Consider policy on informing people when we get requests to takedown elements of "their" correspondence threads and/or if we actually remove material from them

[RichardTaylor]

We currently have a policy of running the service as transparently as possible, and giving reasons for taking material down where we can.

If we annotate a correspondence thread the requester will be informed.

We don't currently routinely inform users if we get a takedown request which we reject (though we may add an annotation in such circumstances).

We don't routinely inform users if we apply a "censor rule" to their request, or hide / make "requester_only" an element of the correspondence, though in some of cases the action will be visible to all on the thread.

[garethrees]

I don't think we should manually do this – it'll generate a lot of support mail.

Better would be to create a visible event (maybe visible only to the request owner?) that shows "censor rule has been added" or similar. Same idea as in https://github.com/mysociety/alaveteli/issues/4565.

[mdeuk]

Better would be to create a visible event (maybe visible only to the request owner?) that shows "censor rule has been added" or similar. Same idea as in mysociety/alaveteli#4565.

This would make our life a little easier when responding to Right of access requests - although we would maybe need to be able to dynamically 'unfold' the original version.

mysociety/alaveteli/#6267

[RichardTaylor]

Linking to: Option for censor rules to only apply to public presentation of request https://github.com/mysociety/alaveteli/issues/5412 as a user who is alerted to the fact their request has been redacted may well want to see the original material.

[garethrees]

Related to clarifying ownership of content https://github.com/mysociety/whatdotheyknow-theme/issues/841

[RichardTaylor]

We do consider this on a case by case basis. Some notes on recent practice can help making that case by case decision in the future:

• Consider if we want the requester's input to the takedown decision. They may be a subject-matter expert. They may know how the material has been used/misused.
• Consider if informing the requester could reduce harm. If there is sensitive material in a response we might let the requester know so they don't republish/reuse it and make the issue worse. We need to take care, and consider if pointing to the problematic material could exacerbate a problem.
• Consider if we might want to give the requester the chance to obtain material in a situation where we might otherwise delete it (in a case of a bulk data breach), eg. if they are trusted academic / journalist / MP etc. [We haven't done this yet]
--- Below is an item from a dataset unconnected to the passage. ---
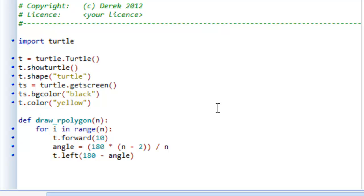In this video we're going to look at decision structures, sometimes called conditional structures or selection structures depending on the resource you're using. The big idea is that we can execute some set of instructions selectively based on some particular condition.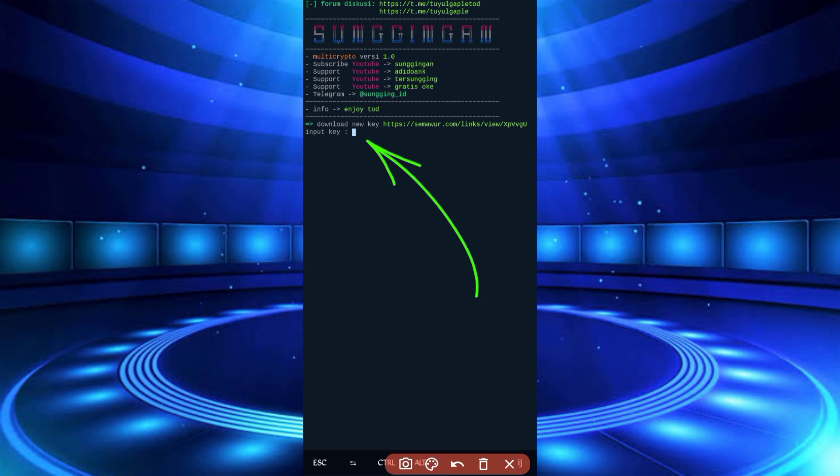You can go there and click on the password link. Within 10 seconds you will get your password. If it's showing invalid, you can inform me and I will update it. After copying the password, paste it, then enter.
Note that following subject access requests asking for information about who requested a takedown of a user's request - we generally do have to identify any organisation which requested the takedown, but usually do not have to, and do not, identify any individual.

[RichardTaylor]

It might be useful to consider what our presumption / starting point should be:

Do we inform users unless there's a reason not to? Do we only inform users where we are reasonably sure doing so won't cause unwarranted harm?

There is also a question here of how actively we inform users. Sending them a specific email, is different from inserting a note into a correspondence thread and not drawing attention to it.